Enfin, concernant l’Ukraine, Trump reproche à Zelensky de ne même pas avoir lu le plan de «paix» (ou plutôt de capitulation) des États-Unis qui, en fait, est largement celui de Poutine. Si cela était vrai, on devrait d’ailleurs féliciter Zelensky de ne pas avoir perdu son temps à lire ce chiffon de papier, auquel d’autres usages siéraient mieux… et préciser qu’il n’a pas de leçons à recevoir d’un potentat qui s’exprime comme l’illettré qu’il est peut-être. Généralités, bons et mauvais points arbitrairement décernés, caprices de gosse réversibles du jour au lendemain, capacité d’analyse proche de zéro, vision à long terme radicalement nulle, tout cela est inquiétant. Même «W» était rassurant au moins sur un point: il était constant dans son inculture et dans sa politique. Trump est plutôt comparable à notre Charles VI. Le problème, c’est que son potentiel Régent est aussi peu recommandable que lui, mais plus jeune et plus intelligent… donc plus redoutable.

 

We’re a poor lonesome Europe

Vérification faite, le Président des États-Unis est constitutionnellement doté de pouvoirs quasi monarchiques (il a effectivement le droit de signer à peu près tout et n’importe quoi tant que personne ne s’y oppose), qui seraient tempérés si le Congrès américain n’était pas tétanisé par celui que le peuple a majoritairement porté au pouvoir malgré les 46 chefs d’inculpation qui pesaient sur lui, y compris une complicité de tentative de coup d’État. Hélas, dans un pays où les juges sont élus et où beaucoup de crimes et délits se règlent par des transactions financières, la décadence est beaucoup plus grave que celle de l’Europe occidentale; la faiblesse du contre-pouvoir aujourd’hui exercé par les élus a fait de cette nation une quasi dictature que les coups de canifs répétés aux institutions risquent de laisser dans un état irréversible de régime autoritaire.

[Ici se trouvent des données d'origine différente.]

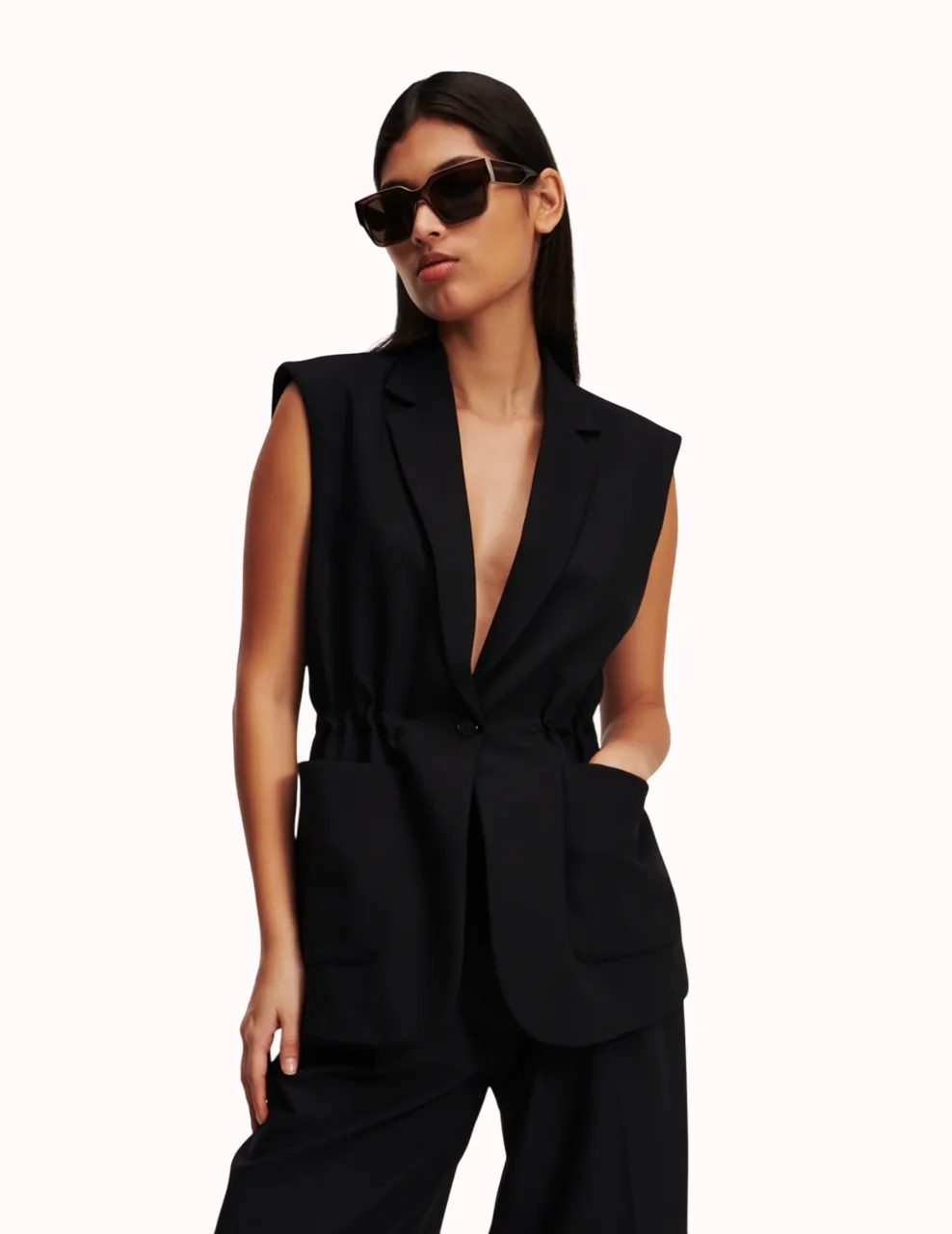 TAILORED GILET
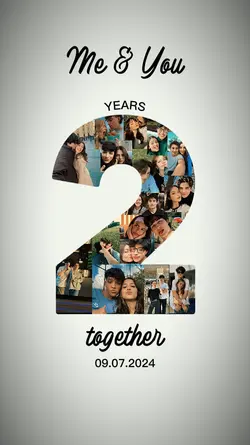 Anniversary 2 years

J’apprends que les Français, entre autres, ne sont pas vraiment bienvenus aux États-Unis et qu’ils subiront des contrôles sur leur usage des réseaux sociaux. Moi qui ne vais jamais sur Truth Social ni sur X et qui stocke une petite collection de blagues sur Trump, je n’ai pas intérêt à me pointer à l’aéroport de JFK. Ça tombe bien: je n’ai aucune envie d’y retourner – la dernière fois, c’était à l’époque du bon Jimmy Carter; je préfère rester sur un bon souvenir.

Les États-Unis ne sont plus nos alliés, et ils ne sont pas fiables à l’heure où j’écris. Tant que Trump sera en place, nous pouvons même considérer qu’ils sont nos ennemis, complices avérés de l’ours russe, de son invasion de l’Ukraine et de son projet à peine voilé de reconstituer l’empire soviétique. L’Europe est donc seule et doit jouer la carte de sa dignité en préparant les conditions de sa relative autonomie. En attendant, beaucoup d’eau polluée coulera sous les ponts (restants) du Dniepr…

 

Illustration: Trump arrive à la Maison Blanche le 14 décembre 2025 après la fusillade à l’Université Brown.